Pennsylvania state health officials are “being misinformed” about the availability of personal protective equipment inside hospitals, one of the state’s largest nurses’ unions alleges in a letter that says hospitals have “resorted to severe rationing” even as they resume elective surgeries.

The 8,400-member Pennsylvania Association of Staff Nurses and Allied Professionals said in a letter to the state health secretary, Dr. Rachel Levine, that working conditions inside hospitals remain unsafe because of lax COVID-19 guidance issued by the Health Department and the U.S. Centers for Disease Control and Prevention.

“Pennsylvania health care professionals are scared, exhausted, starting to get sick, and some are dying,” wrote Mark Warshaw, the union’s co-executive director. “The CDC and DOH guidance have given hospitals an excuse and enabled them to ignore basic protections and safety standards for health care workers, and we are the ones suffering.”

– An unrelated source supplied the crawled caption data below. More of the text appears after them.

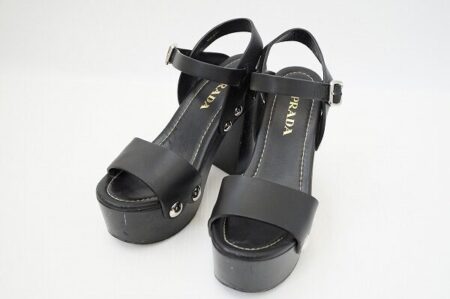 チャンキーヒールで安定感｜プラダのサンダルを買取しました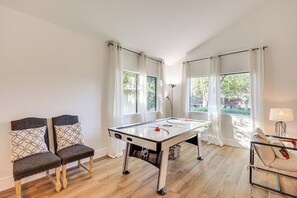House (4 Bedrooms) | Interior - Private Hot Tub! Home 15 Mi to Dtwn San Antonio (San Antonio)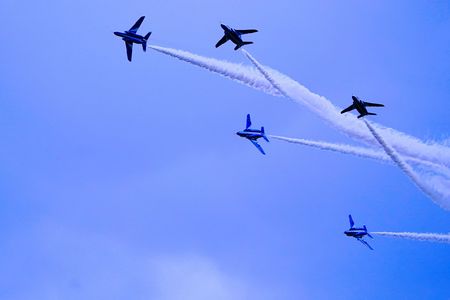 大空を舞うブルーインパルス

The administration of Gov. Tom Wolf had ordered hospitals to postpone elective procedures in an effort to preserve hospital capacity and medical supplies. Late last month, the state Department of Health gave permission to hospitals and outpatient centers to resume elective surgeries if they could show they wouldn’t jeopardize patient safety or their ability to respond to a sudden spike in COVID-19 patients.

One of the conditions that hospitals had to meet was having a sufficient supply of personal protective equipment.

“It’s not about the quantity of PPE locked away in a closet, but whether the hospitals are handing out the PPE to staff,” the union’s letter said. “The consistent excuse hospitals have given when confronted about their lack of basic protections for worker safety is, ‘it’s a crisis; we can’t do it.’ Well, they can, and they must!”

The union said it wants the Health Department to issue a range of new regulations, including a requirement for more extensive testing of health care workers and a mandate that each hospital worker receive at least one new N95 respirator per day.

Responding to the union's letter, the Health Department said it has sent nearly 5 million N95 respirator masks and vast quantities of medical-grade face masks, gloves, gowns and other supplies in nearly 500 shipments to hospitals statewide.

“Secretary Levine appreciates the concerns raised in this letter,” said her spokesman, Nate Wardle, adding: “It is essential that hospitals do not begin to allow these procedures if they cannot properly protect their staff, or their ability to respond to the COVID-19 emergency.”

The Hospital and Healthsystem Association of Pennsylvania, a trade group, has said that a statewide, voluntary mutual aid agreement has been deploying critical supplies. The Wolf administration has also reserved the right to commandeer medical supplies from private and public health care facilities, manufacturers and other companies.